The Ramoche Temple is always tightly guarded, but, because of its location near the center of Old Lhasa, most of the guards need to be disguised in civilian clothes. This makes the appearances more seemly, but the monks and other Tibetans are all quite clear who the police are. This was the context in which the first "riot" of March 14 occurred. About 1:00 p.m., Tibetans and monks from a small temple near Ramoche clashed with plainclothes police at the Ramoche gates. A few Tibetans sustained serious head injuries and were carried away by friends. A private residence next door to Ramoche happened at the time to be undergoing renovations. Angry Tibetans took bricks from the renovation site and used them to smash several nearby shops owned by Han Chinese. The trouble soon spread to the Tromsigkhang District, which lies to the south of Ramoche across Beijing Road. Strangely, the uniformed guards who had been stationed in front of Ramoche disappeared at this point, leaving behind only the plainclothes guards, who, when discovered by the incensed crowds, became their targets. The protestors moved slowly eastward along Beijing Road, passing the intersection with Shonu [=Youth in Tibetan, Qiannian lu] Road, which runs north and south. It is that strip of Shonu Road near Beijing Road that Chinese television later showed, over and over, as evidence of the "grave losses" that rioters had inflicted. The protesters then moved to the Tsomonling district, about a hundred meters beyond Shonu Road, and toward the center of Old Lhasa where the Barkor and Jokhang Square are located. By 2:00 p.m. clouds of black smoke were rising along the route between the Tromsigkhang District and the Barkor.
The public schools in Lhasa normally observe a noon recess, but that day, because of the disturbances, they all cancelled afternoon sessions and sent their young charges home. The protestors were targeting Han-owned shops, not children, so the youngsters walked home through all the turmoil as if charmed, and remained unscathed.
Roadside shops began to close up, and crowds of Tibetan onlookers began to form. Vehicular traffic, which had been temporarily stopped, began to reappear from the eastern end of Beijing Road. The Tibetan crowds shouted taunts at Han Chinese who passed by on motorcycles, but they spared tourists, and were especially careful not to affront Western tourists. At the intersection of Beijing Road and Shonu Road about ten policemen directed traffic but, strangely, did nothing to intervene in the rioting. At one point when the rioters suddenly turned westward, in the direction of the policemen, they seemed to panic. They scurried from the center of the road and disappeared into alleys, seemingly more fearful than were all the curious onlookers. I heard a tourist ask a policeman for assistance in returning to a hotel at the eastern end of Beijing Road. "We're busy enough just trying to take care of ourselves here," the policeman said. "How do you think we can care for you?"
The police, including the military police, were trying to control only certain stretches of road.
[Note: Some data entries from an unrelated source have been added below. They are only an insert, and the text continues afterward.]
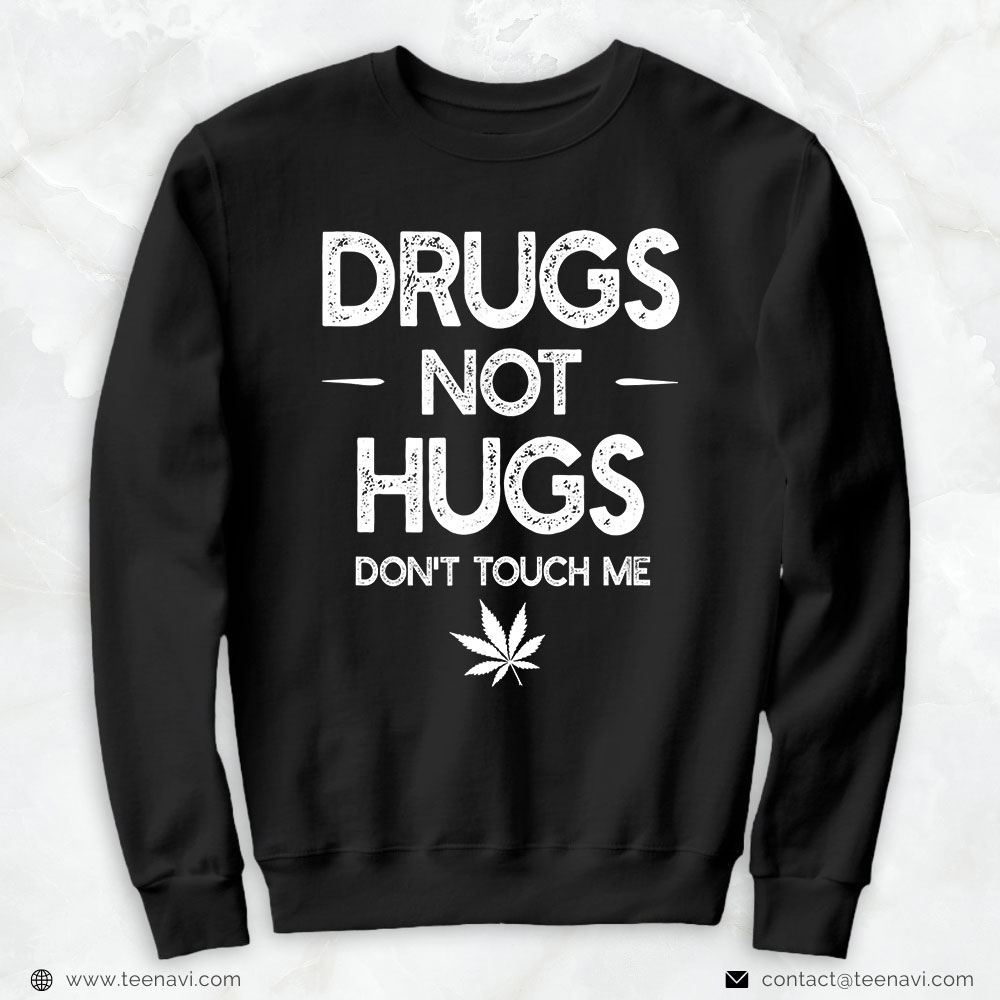 Marijuana Shirt, Drugs Not Hugs 420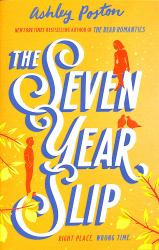 The Seven Year Slip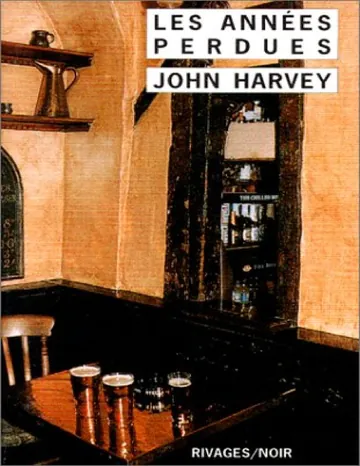 Les années perdues de John Harvey, couverture du livre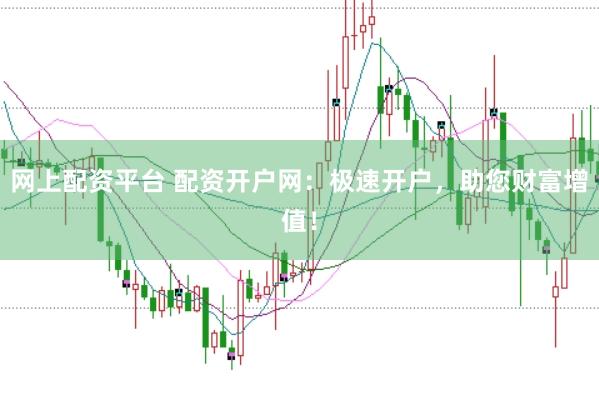 网上配资平台 配资开户网：极速开户，助您财富增值！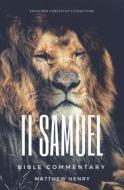 Ebook 2 Samuel - Complete Bible Commentary Verse by Verse di Matthew Henry edito da Editora Oxigênio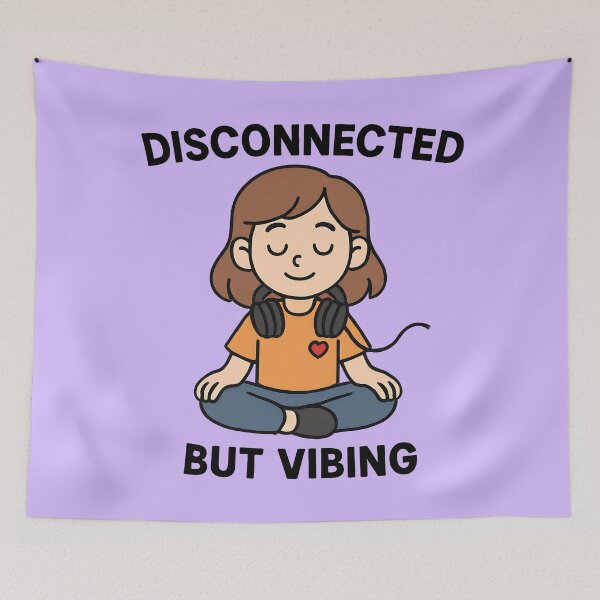Item preview, Disconnected but Vibing designed and sold by TSQ.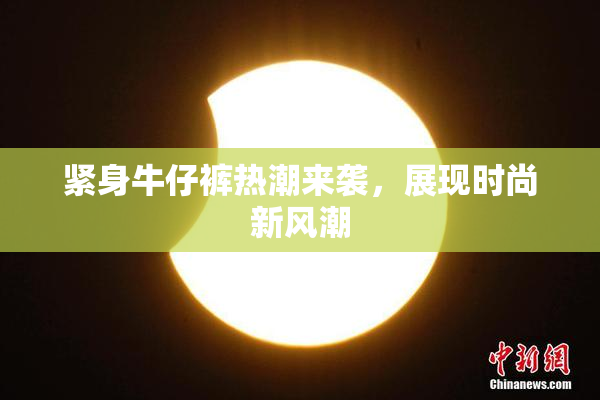 紧身牛仔裤热潮来袭，展现时尚新风潮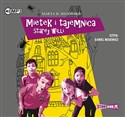 [Audiobook] Mietek i tajemnica starej willi - Marta H. Milewska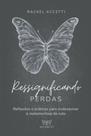 Livro - Ressignificando Perdas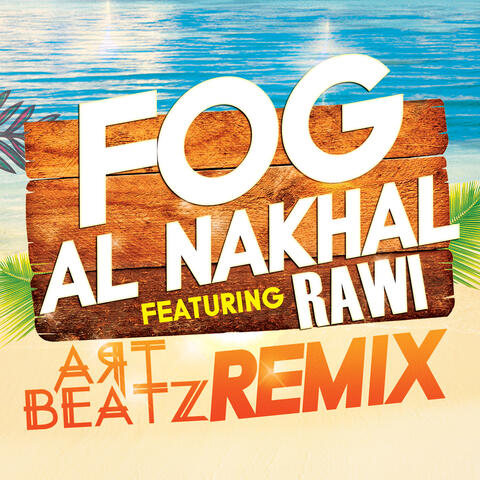 Fog Al Nakhal (Remix)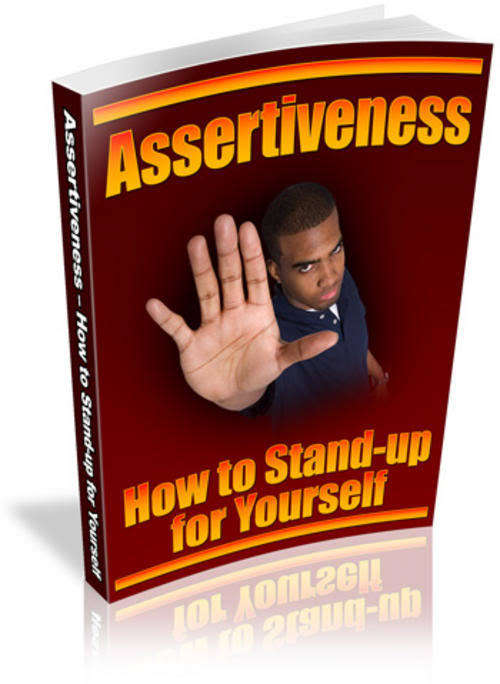 Assertiveness: How to Stand Up for Yourself - Ebook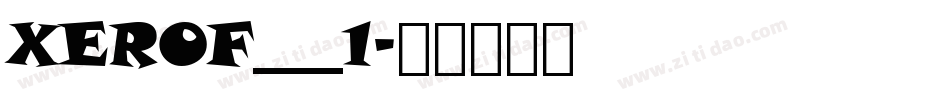 XEROF___1字体转换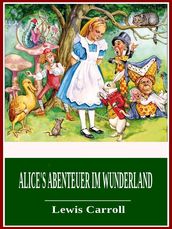 Alice s Abenteuer im Wunderland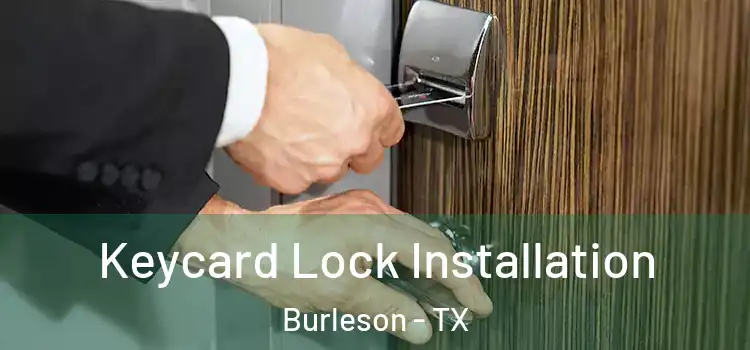 Keycard Lock Installation Burleson - TX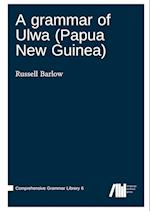 A grammar of Ulwa (Papua New Guinea) 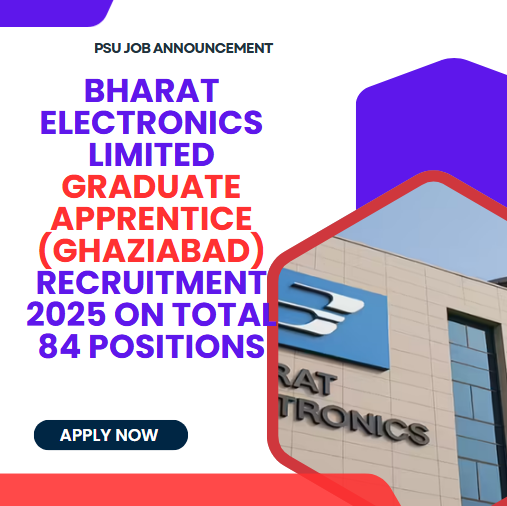 Bharat Electronics Limited Graduate Apprentice (Ghaziabad) Recruitment 2025 on Total 84 positions: Know its Eligibility Criteria, age, qualification and application process
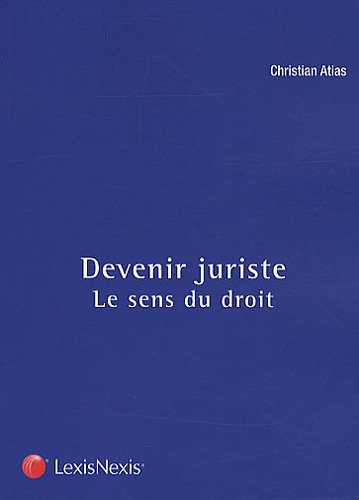 Beispielbild fr Devenir juriste : Le sens du droit zum Verkauf von Ammareal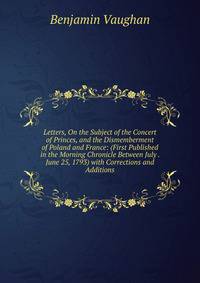 Letters, On the Subject of the Concert of Princes, and the Dismemberment of Poland and France: (First Published in the Morning Chronicle Between July . June 25, 1793) with Corrections and Additions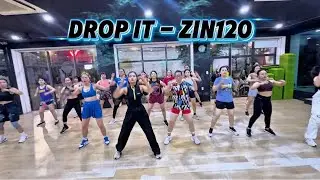 DROP IT - Zin Volume 120 | Electric Fusion | Zumba | Zin Xaxi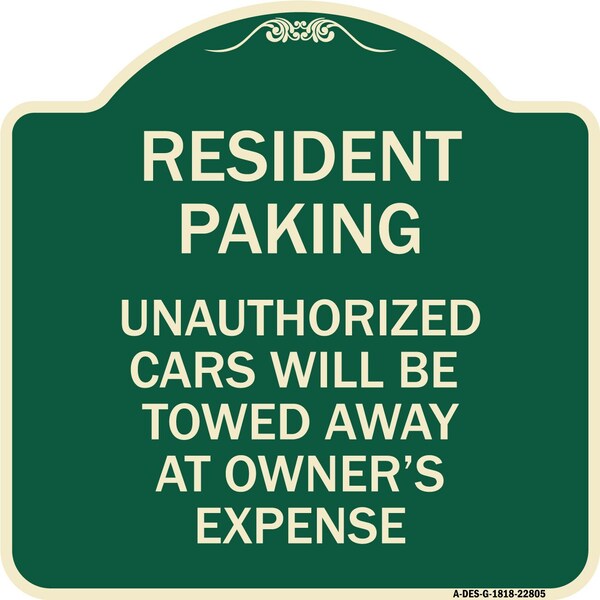 Tow Away Resident Parking Unauthorized Cars Will Be Towed Away at Owners Expense, A-DES-G-1818-22805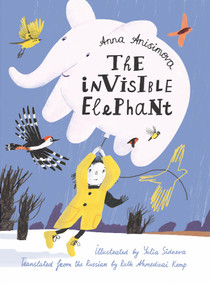 The Invisible Elephant by Anna Anisimova, Yulia Sidneva, Ruth Ahmedzai Kemp, 9781632063243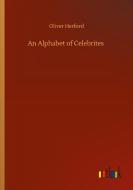 An Alphabet of Celebrites di Oliver Herford edito da Outlook Verlag
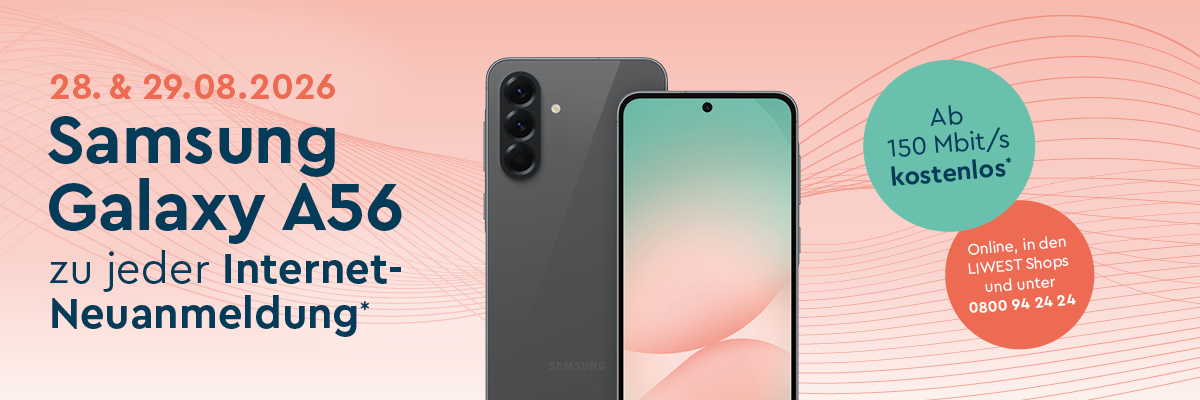 Text 28. & 29.08.2026 Samsung Galaxy A56 zu jeder Internet-Neuanmeldung*, Symbolbild Samsung Galaxy A56 auf hellrotem Gesamthintergrund mit hellgrünem Button mit Text Ab 150 Mbit/s kostenlos* und rotem Button mit Text Online, in den LIWEST Shops und unter 0800 94 24 24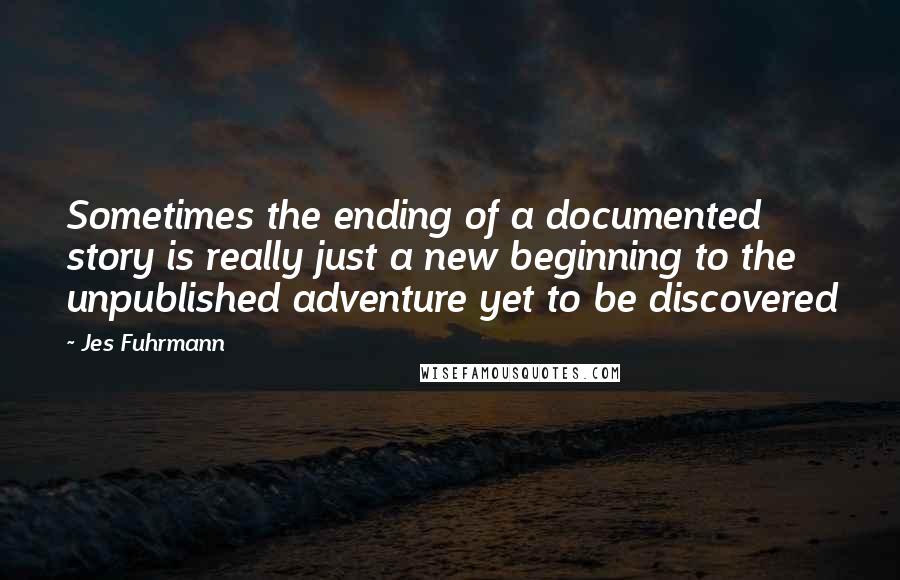 Jes Fuhrmann Quotes: Sometimes the ending of a documented story is really just a new beginning to the unpublished adventure yet to be discovered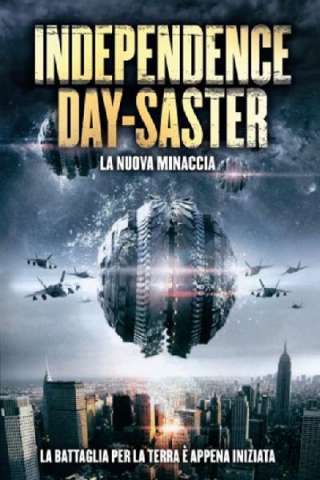 Independence Daysaster - La nuova minaccia [HD] (2013 CB01)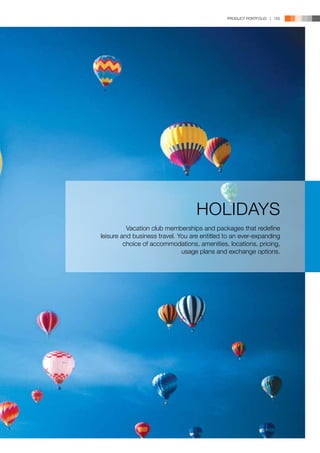 PRODUCT PORTFOLIO | 155




                                   HOLIDAYS
          Vacation club memberships and packages that redefine
leisure and business travel. You are entitled to an ever-expanding
         choice of accommodations, amenities, locations, pricing,
                              usage plans and exchange options.
 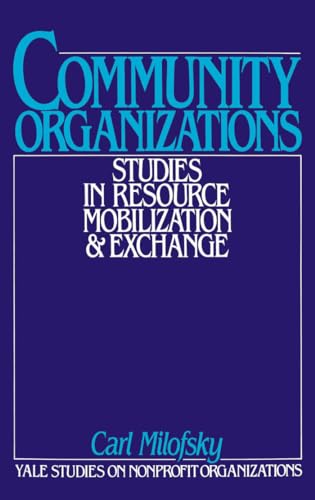 Stock image for Community Organizations: Studies in Resource Mobilization and Exchange for sale by ThriftBooks-Dallas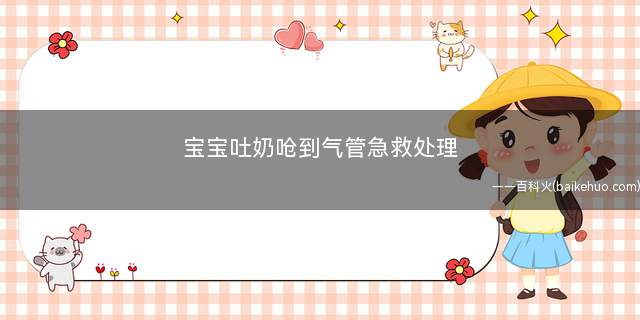 宝宝吐奶呛到气管急救处理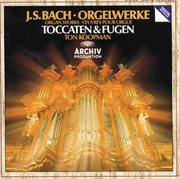 Bach, j.s.: toccatas & fugues bwv 538; bwv 540; bwv 564; bwv 565 cover image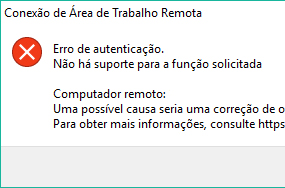Erro de criptografia CredSSP (Acesso Remoto – RDP)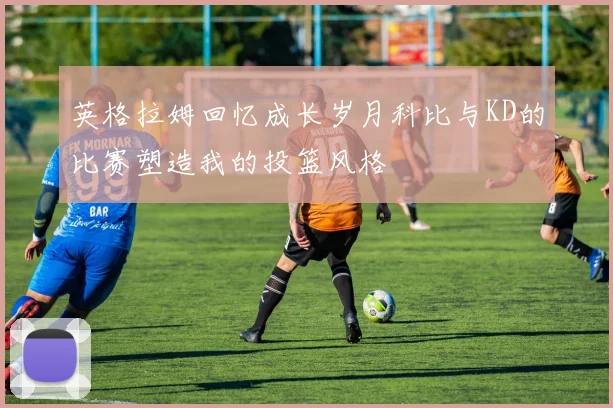 英格拉姆回忆成长岁月科比与KD的比赛塑造我的投篮风格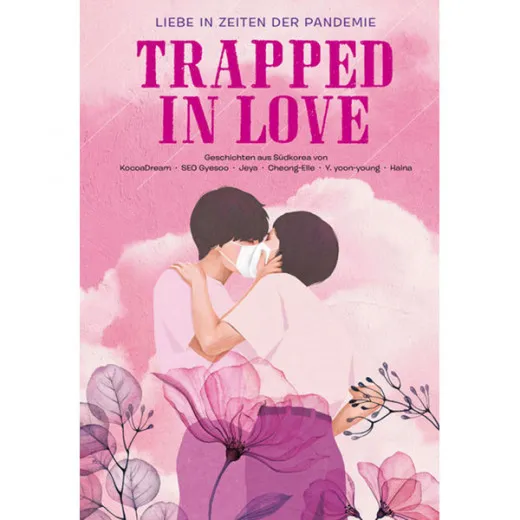 Trapped In Love - Liebe In Zeiten Der Pandemie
Elsewhere they occasionally tossed a tear-gas grenade into a crowd, but that was about all. The Tibetan rioters rarely sought to confront the police, either. It was almost as if the rioters and the police had agreed to disagree and let each side attend to its own business. I saw a convoy of government cars and police cars turn south from Beijing Road toward Yuthok Road passing right through a knot of rioters. Neither side seemed to pay any attention.
Suddenly, about 200 meters to the west, near the junction of Beijing Road and Nyangdren Road, I could see that a contingent of People's Armed Police had appeared in helmets and shields. Then about fifty meters farther east, at the junction with Karnadong [never heard of this, I don't think it's right. What's the original pinyin?] Road, which is also the eastern edge of Potala Square, more rows of military police appeared, and large armored vehicles lined the streets. A stream of military vehicles arrived steadily from the west along Beijing Road; when they reached the junction with Karnadong Road they turned south toward Chingdrol [=Liberation, ie Jiefang] Road. All of these vehicles, whether armed or not, were military vehicles. I saw no fire engines or ambulances, even though, at that time in the eastern part of the city, several fires were already burning and a number of Han Chinese had already been injured.
Potala Square is the seat of the Tibetan government, and the stretch of Beijing Road that runs east from it contains several large buildings housing the Bank of China, the Bank of Agriculture, the central post office, and Lhasa's largest shopping center. It was, in short, the obvious place for troops to protect. Shortly after 3:00 p.m., when the rioting was still confined to the eastern side of Shonu Road, the soldiers at Nyangdren Road were already shooing bystanders westward toward the far side of Potala Square. They were also stopping anyone they could from using cameras or cell phones to take photographs. Around 4:00 p.m. soldiers blocked off Beijing Road eastward from Potala Square. Meanwhile the disturbances had crossed to the west side of Shonu Road. An hour later they had spread to Lingkor Central Road, northward to the area of New Unity Village, and eastward as far as the Karma Kunsang area. These were the areas most affected by the rioting.
One reason why the riots spread as far as they did was that Chinese troops apparently did not dare to carry out major repression while Western tourists were watching. There was very little gunfire anywhere along Beijing Road, where the tourists were most numerous. But some Tibetans were shot to death elsewhere. A witness told me that he had seen military police kill at least four or five Tibetans at Lingkor Road about 5:00 p.m. At the Barkor, police shot and killed a nun whose family then carried her body inside their home; that evening police came to the door, entered forcibly, and removed the body. With the arrival of nightfall, when the tourists were in their hotels and out of sight, gunfire in the city increased.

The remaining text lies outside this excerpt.